ASSIGNED TASK: The answer is the data repeated in full, with no pictures included.

SOURCE DATA:
|---|

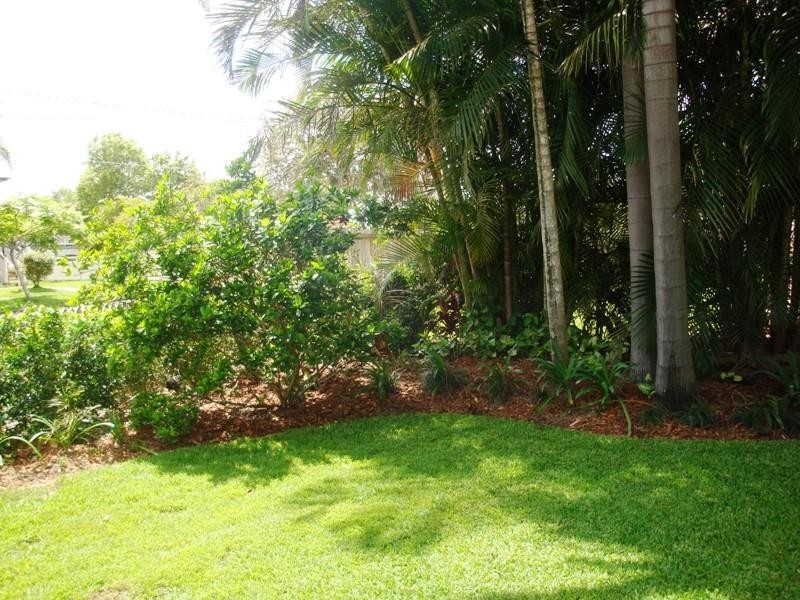 87 Lynne Grove Avenue, Corinda QLD 4075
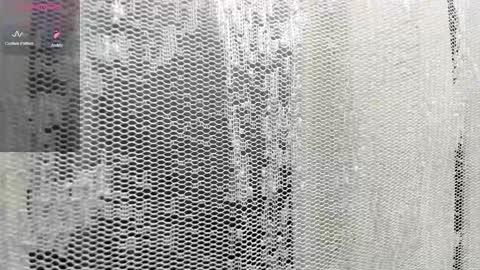 Katty online show from 10, 9, 2025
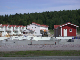 DSCN8994.jpg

|---|

EXERCISE OUTPUT:
 87 Lynne Grove Avenue, Corinda QLD 4075
 Katty online show from 10, 9, 2025
 DSCN8994.jpg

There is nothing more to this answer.